THE TASK:
Extract the stretch of lines that starts at the line with "When doing head" and ends at the last line of the data below. Give it exactly, without pictures.

(Stored items)
== Segment start ==

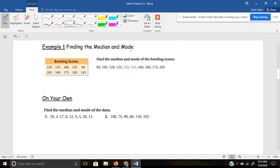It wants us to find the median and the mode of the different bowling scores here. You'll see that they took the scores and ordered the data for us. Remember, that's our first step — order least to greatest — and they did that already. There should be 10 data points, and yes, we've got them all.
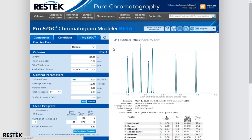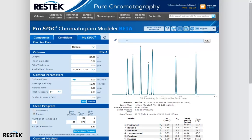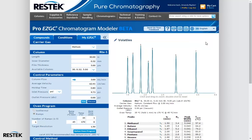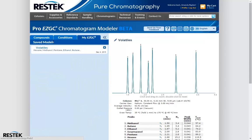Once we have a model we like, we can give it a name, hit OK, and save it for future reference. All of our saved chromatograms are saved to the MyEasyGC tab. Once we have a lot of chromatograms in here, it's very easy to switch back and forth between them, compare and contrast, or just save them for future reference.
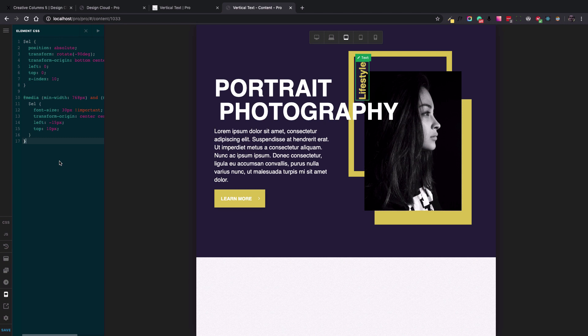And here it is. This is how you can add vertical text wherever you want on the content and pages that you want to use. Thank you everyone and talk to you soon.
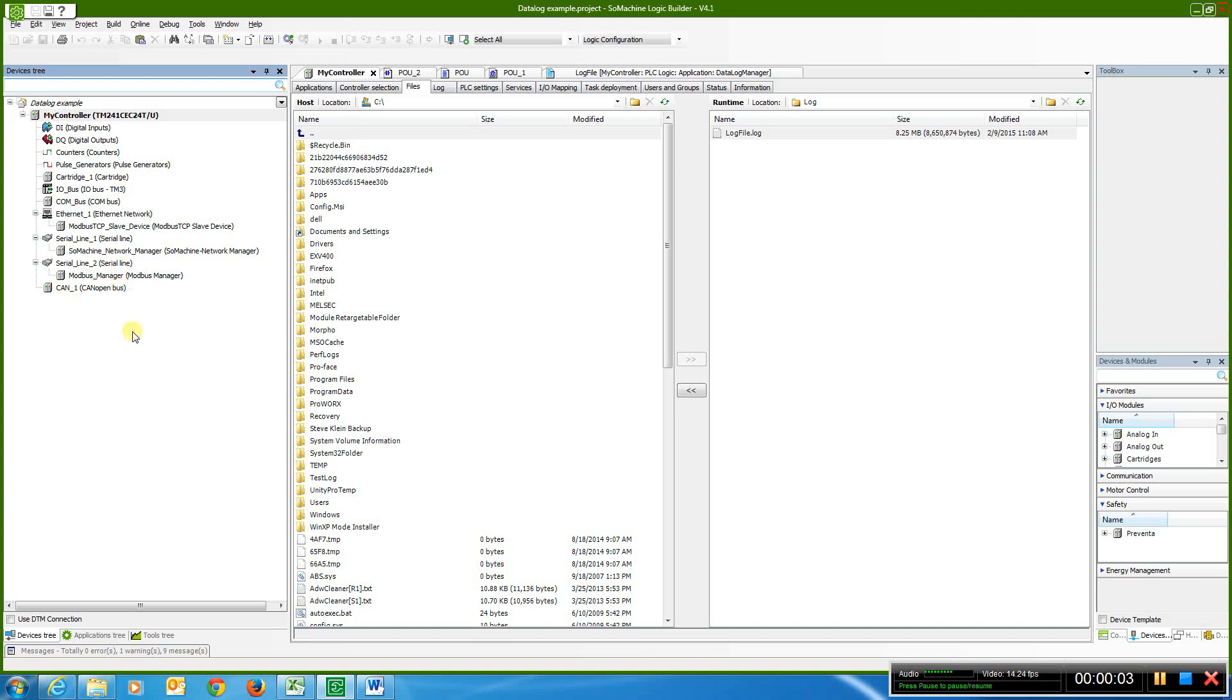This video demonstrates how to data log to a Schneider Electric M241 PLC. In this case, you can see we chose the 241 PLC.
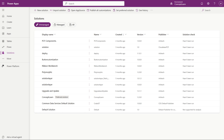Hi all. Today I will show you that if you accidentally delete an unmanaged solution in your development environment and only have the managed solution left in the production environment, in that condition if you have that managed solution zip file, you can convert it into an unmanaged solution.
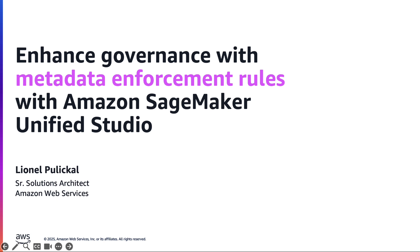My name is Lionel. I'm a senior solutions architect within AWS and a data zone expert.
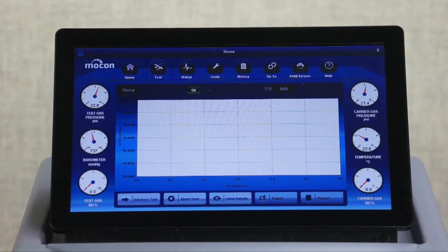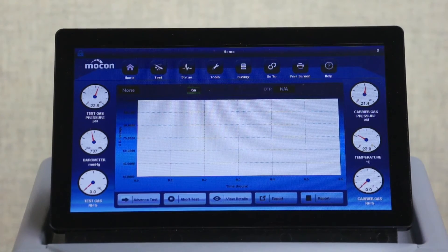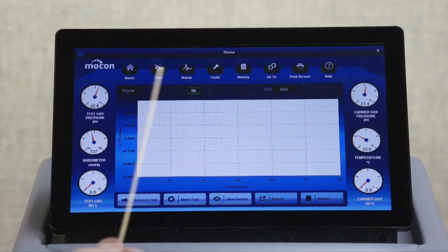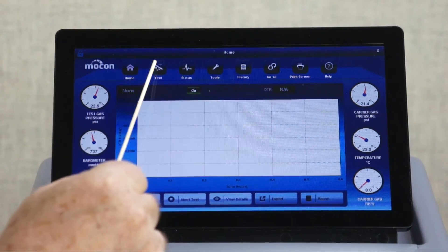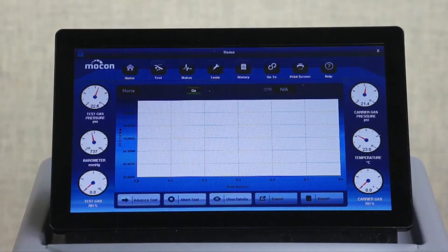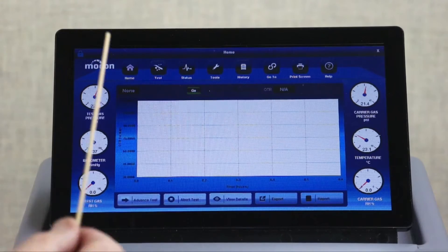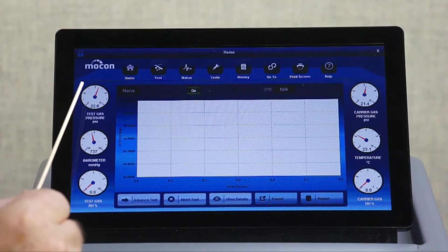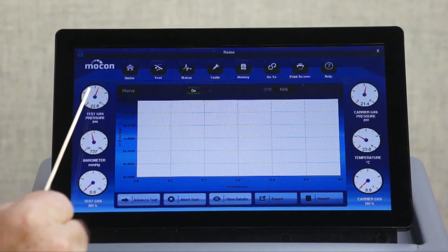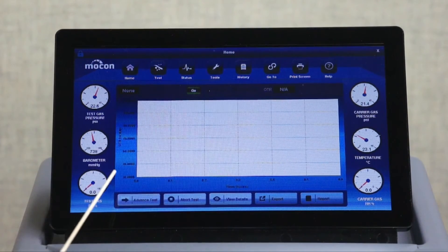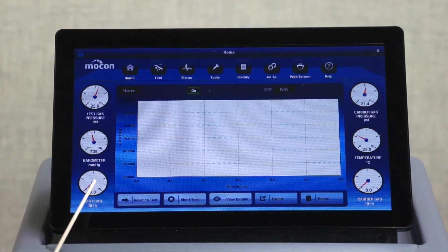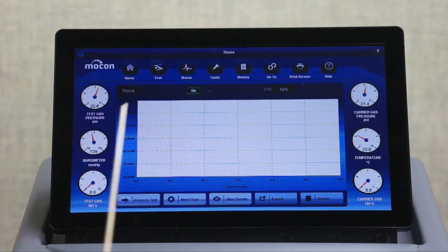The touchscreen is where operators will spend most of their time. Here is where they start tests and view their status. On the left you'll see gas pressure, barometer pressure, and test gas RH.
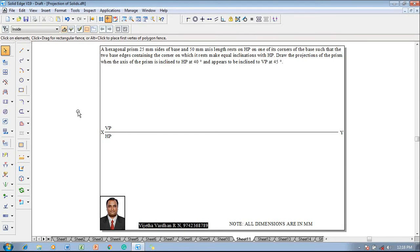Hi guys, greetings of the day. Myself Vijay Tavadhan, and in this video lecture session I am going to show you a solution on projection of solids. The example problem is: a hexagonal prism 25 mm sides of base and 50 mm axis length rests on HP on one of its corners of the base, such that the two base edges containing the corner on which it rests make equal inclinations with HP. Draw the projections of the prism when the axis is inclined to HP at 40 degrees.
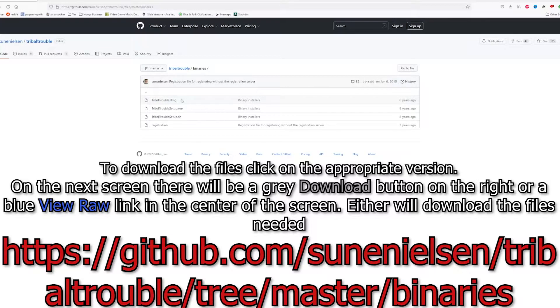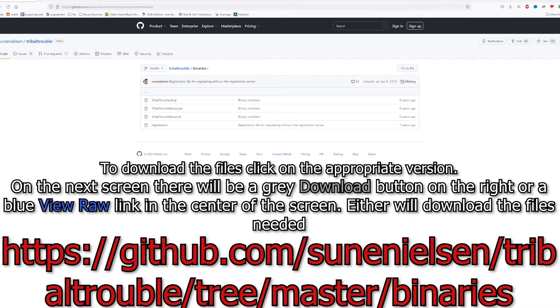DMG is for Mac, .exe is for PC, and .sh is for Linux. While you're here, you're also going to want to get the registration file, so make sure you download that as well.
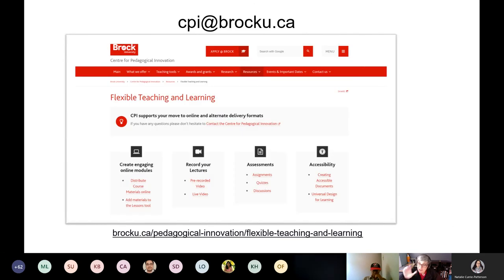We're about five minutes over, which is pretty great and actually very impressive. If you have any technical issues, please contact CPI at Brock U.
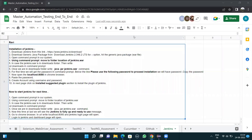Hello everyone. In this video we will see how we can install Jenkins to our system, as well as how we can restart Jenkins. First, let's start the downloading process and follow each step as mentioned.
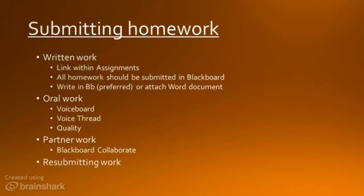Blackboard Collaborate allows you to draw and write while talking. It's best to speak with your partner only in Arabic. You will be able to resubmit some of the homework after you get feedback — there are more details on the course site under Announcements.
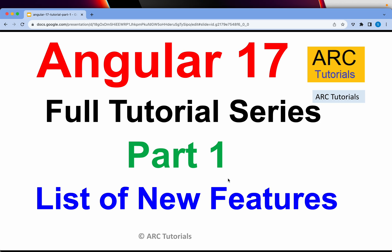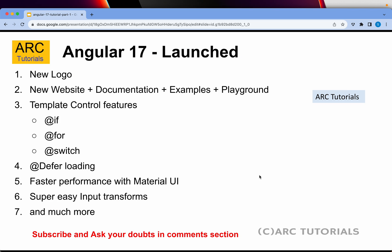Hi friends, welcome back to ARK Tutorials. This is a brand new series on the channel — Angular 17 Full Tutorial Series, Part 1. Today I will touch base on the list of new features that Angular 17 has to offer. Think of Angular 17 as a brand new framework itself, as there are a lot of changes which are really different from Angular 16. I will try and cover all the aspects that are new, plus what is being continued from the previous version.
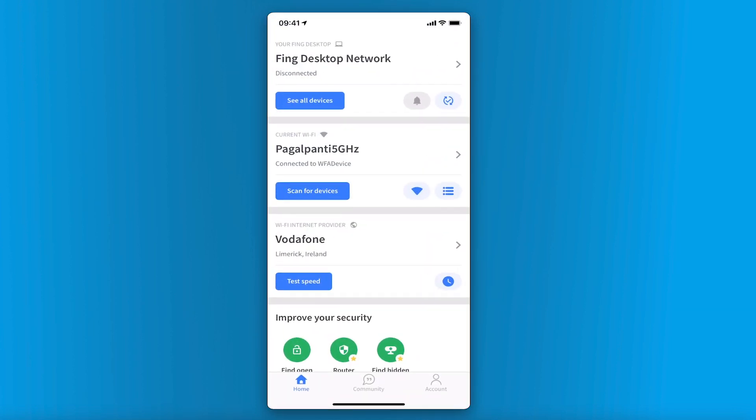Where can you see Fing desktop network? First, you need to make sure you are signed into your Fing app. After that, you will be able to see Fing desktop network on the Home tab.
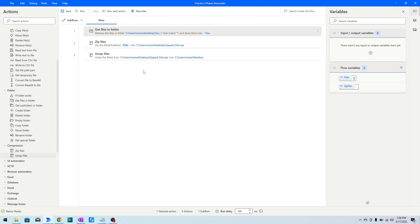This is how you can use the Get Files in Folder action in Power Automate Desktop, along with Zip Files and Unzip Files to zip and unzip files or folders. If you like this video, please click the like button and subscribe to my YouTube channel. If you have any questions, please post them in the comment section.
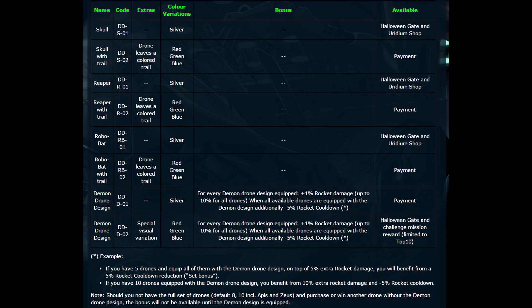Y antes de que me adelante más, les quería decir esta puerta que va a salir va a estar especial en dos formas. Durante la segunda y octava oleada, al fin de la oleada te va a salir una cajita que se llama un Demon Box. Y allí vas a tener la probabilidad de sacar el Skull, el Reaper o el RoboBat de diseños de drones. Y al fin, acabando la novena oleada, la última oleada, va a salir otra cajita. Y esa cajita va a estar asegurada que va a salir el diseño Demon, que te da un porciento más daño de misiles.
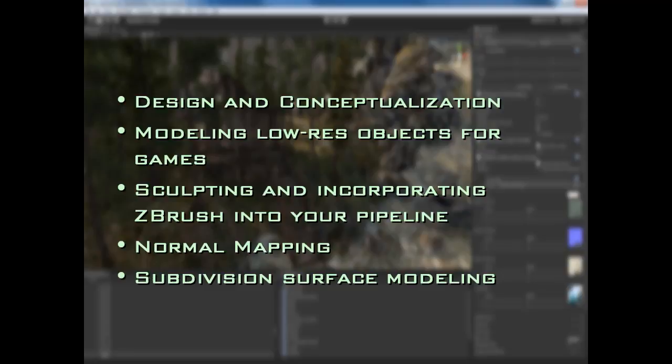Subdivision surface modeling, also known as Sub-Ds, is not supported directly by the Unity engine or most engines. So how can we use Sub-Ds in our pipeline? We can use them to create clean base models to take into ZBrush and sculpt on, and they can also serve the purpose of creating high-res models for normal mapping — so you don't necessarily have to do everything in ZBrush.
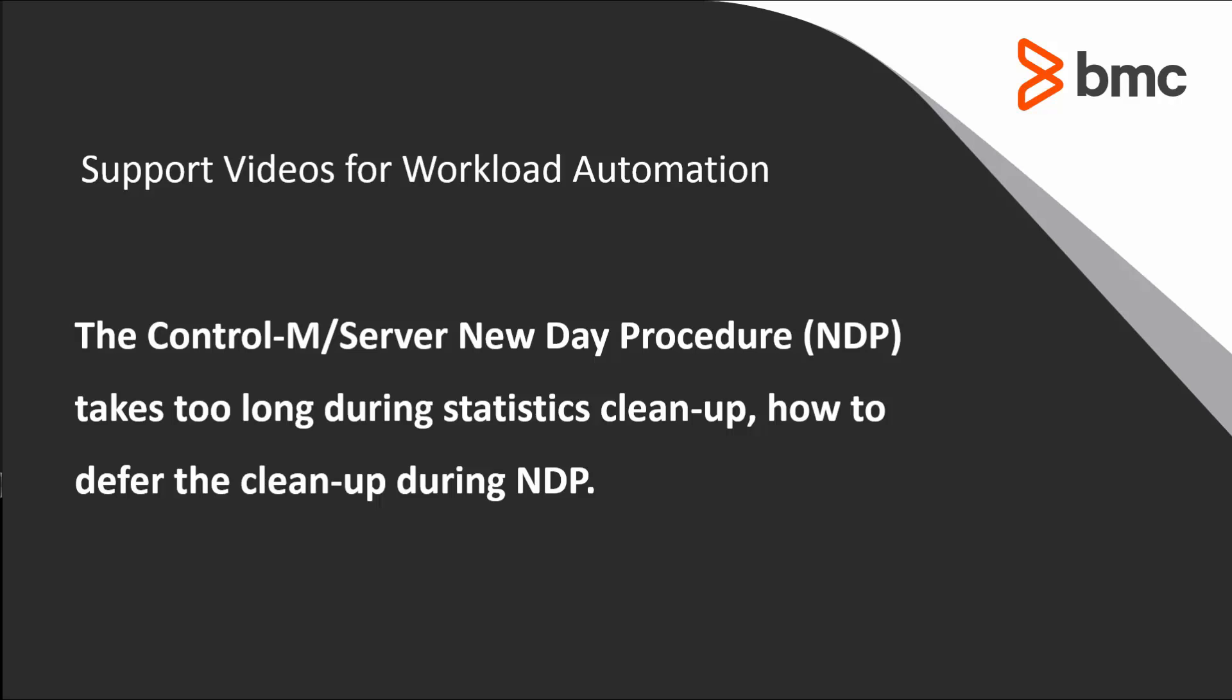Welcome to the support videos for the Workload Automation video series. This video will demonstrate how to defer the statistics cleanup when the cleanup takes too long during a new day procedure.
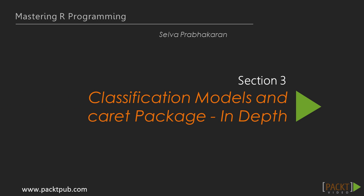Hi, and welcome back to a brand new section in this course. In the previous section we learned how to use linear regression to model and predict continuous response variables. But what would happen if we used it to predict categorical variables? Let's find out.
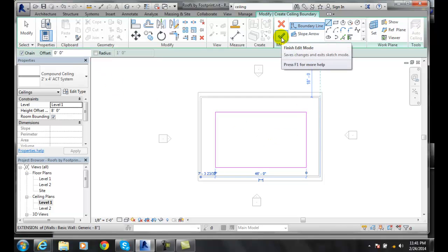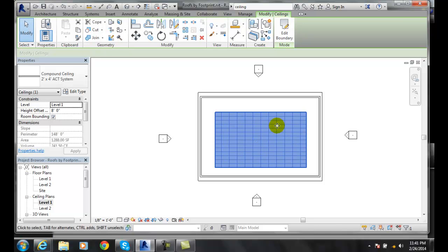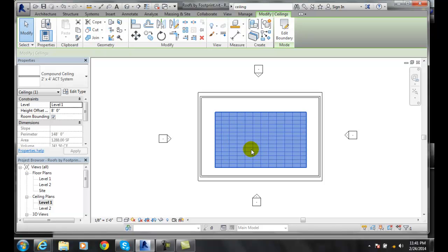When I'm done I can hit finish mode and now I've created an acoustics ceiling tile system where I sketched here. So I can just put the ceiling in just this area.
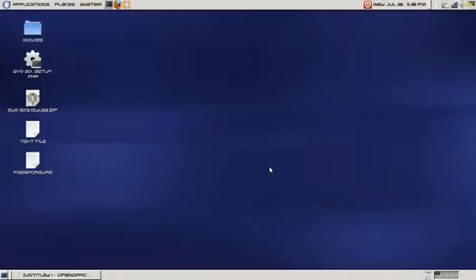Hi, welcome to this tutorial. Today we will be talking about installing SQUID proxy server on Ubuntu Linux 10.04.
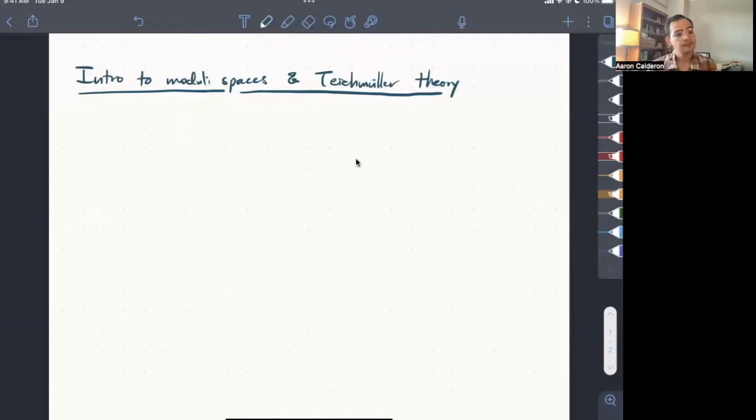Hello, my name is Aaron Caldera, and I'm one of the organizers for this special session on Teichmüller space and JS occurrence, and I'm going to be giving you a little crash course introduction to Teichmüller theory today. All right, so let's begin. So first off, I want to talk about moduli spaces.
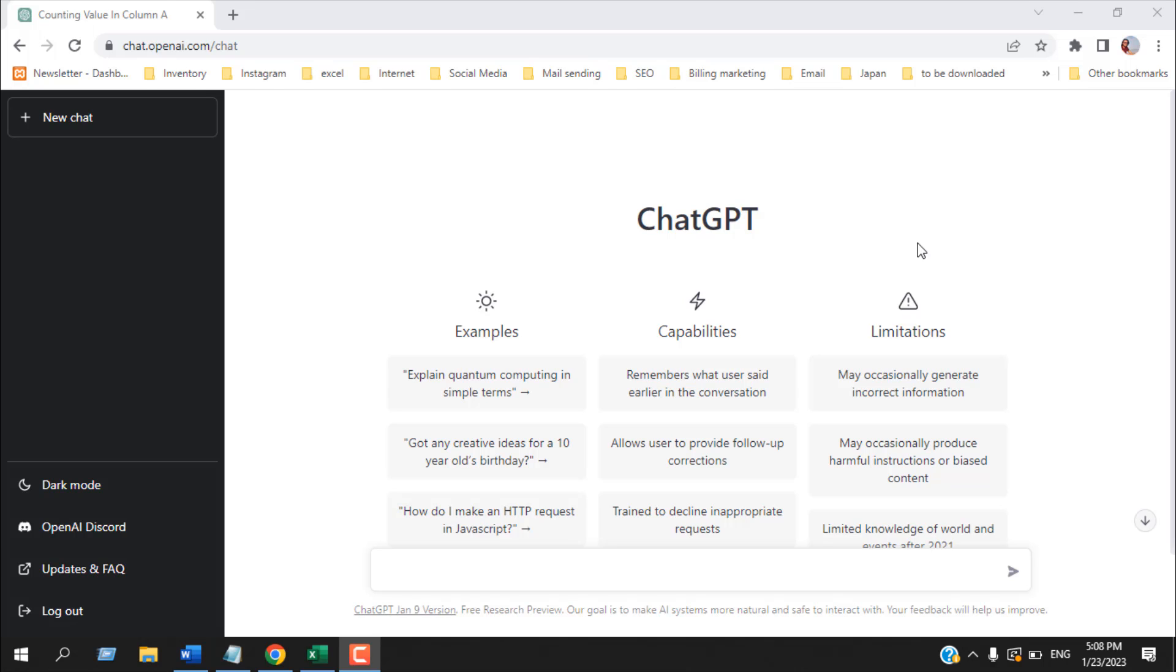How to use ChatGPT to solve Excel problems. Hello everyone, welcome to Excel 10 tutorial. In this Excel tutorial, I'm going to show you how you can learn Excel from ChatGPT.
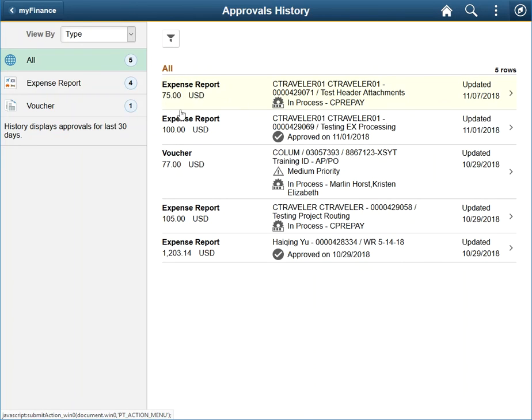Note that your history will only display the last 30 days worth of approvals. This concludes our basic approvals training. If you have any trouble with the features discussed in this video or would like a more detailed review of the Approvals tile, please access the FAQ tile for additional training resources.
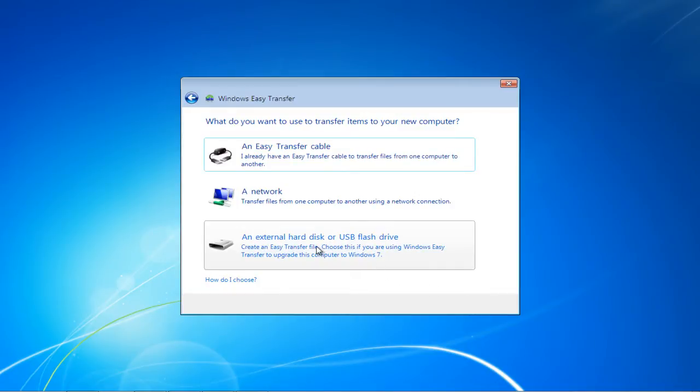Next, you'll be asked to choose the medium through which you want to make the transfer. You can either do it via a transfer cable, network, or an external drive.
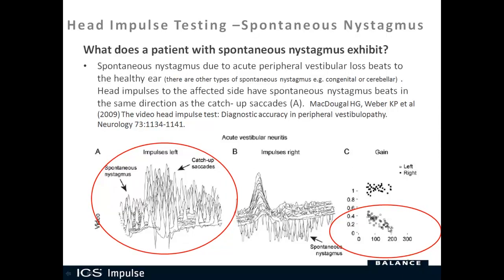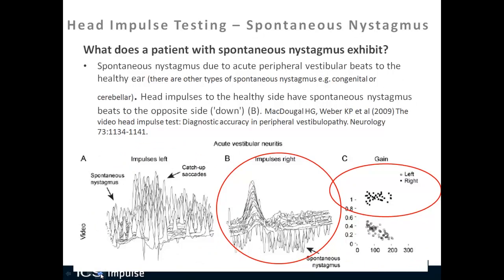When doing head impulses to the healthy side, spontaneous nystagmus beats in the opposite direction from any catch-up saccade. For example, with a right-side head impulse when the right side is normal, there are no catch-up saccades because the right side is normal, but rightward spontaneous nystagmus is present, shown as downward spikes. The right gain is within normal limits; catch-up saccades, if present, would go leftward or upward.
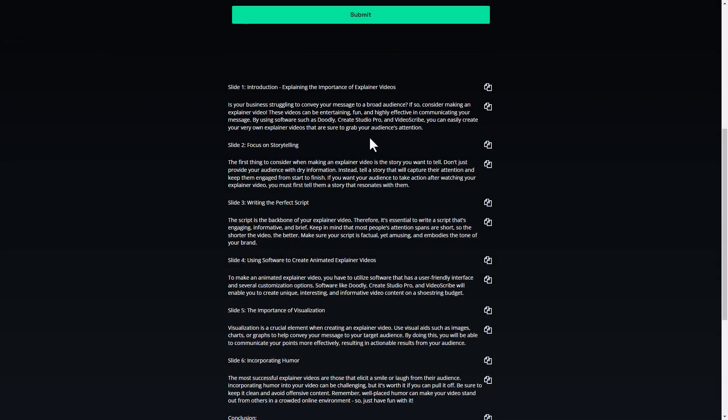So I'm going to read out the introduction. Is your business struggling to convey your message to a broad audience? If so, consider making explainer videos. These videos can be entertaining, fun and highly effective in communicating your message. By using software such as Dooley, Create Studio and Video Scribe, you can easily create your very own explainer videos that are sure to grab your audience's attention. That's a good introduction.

== Segment end ==

TASK OUTPUT:
When doing head impulses to the healthy side, spontaneous nystagmus beats in the opposite direction from any catch-up saccade. For example, with a right-side head impulse when the right side is normal, there are no catch-up saccades because the right side is normal, but rightward spontaneous nystagmus is present, shown as downward spikes. The right gain is within normal limits; catch-up saccades, if present, would go leftward or upward.
So I'm going to read out the introduction. Is your business struggling to convey your message to a broad audience? If so, consider making explainer videos. These videos can be entertaining, fun and highly effective in communicating your message. By using software such as Dooley, Create Studio and Video Scribe, you can easily create your very own explainer videos that are sure to grab your audience's attention. That's a good introduction.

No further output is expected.